Turcotte's interest in such a variety of problems is inspired by the challenge of answering new questions all the time, Schubert says. "To him, science is fun," he says.

Schubert, who was Turcotte's first master's student and later collaborator on two textbooks, says Turcotte is "truly exceptional in the way he does science." Schubert notes his generosity with ideas and his ability to get to the heart of things: "He has a very special talent to develop a simple explanation, simple (but quantitative) models, of very complex processes."

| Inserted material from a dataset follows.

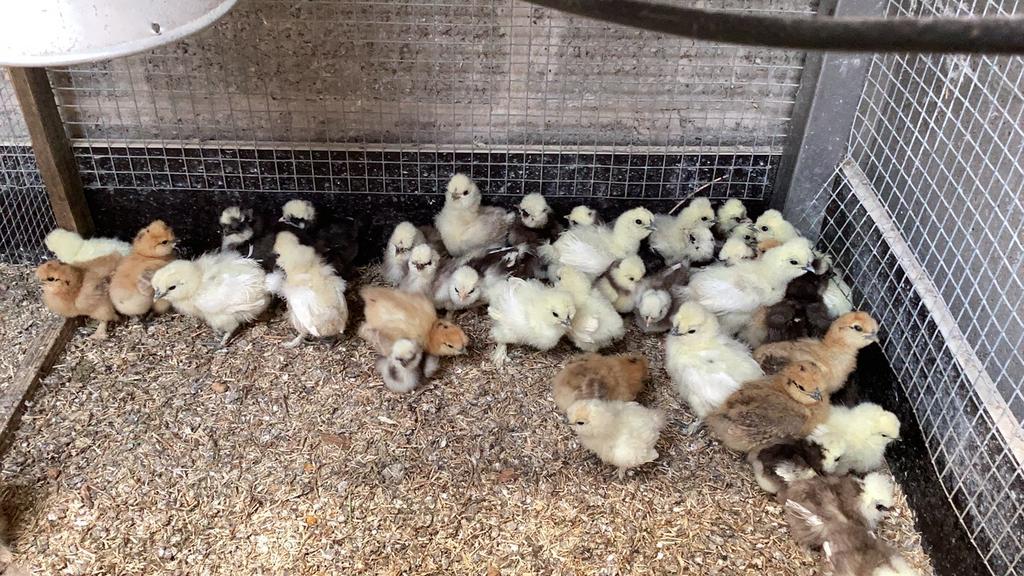 Usa zijdehoen kuikens, Dieren en Toebehoren, Pluimvee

One example Schubert gives is Turcotte's controversial thesis of complete thermal instability on Venus: The planet's surface, according to Magellan's observations of meteor craters, was the same age everywhere. "Don thought about what could happen on Venus for this to occur," Schubert says, without plate tectonics or other ways of getting rid of the planet's core heat. Turcotte proposed the inside got so hot that it melted all at once, flooding the surface with lava in one giant turnover event. "Don developed some quantitative thermal history models to show Venus could in fact have evolved this way," Schubert says. "We don't know what truly happened, but it's considered plausible."

The idea of episodic subduction "came across as well as a lead balloon," Turcotte says. A mid-1990s BBC special focusing on Venus shows him obviously enjoying the controversy, which persists today.

Though Turcotte is now partially retired, he continues to work full-time at Davis, with a team that includes two Russian postdocs he brought with him from Cornell and fellow fractal geophysicist and modeler John Rundle. "I work seven days a week," Turcotte says.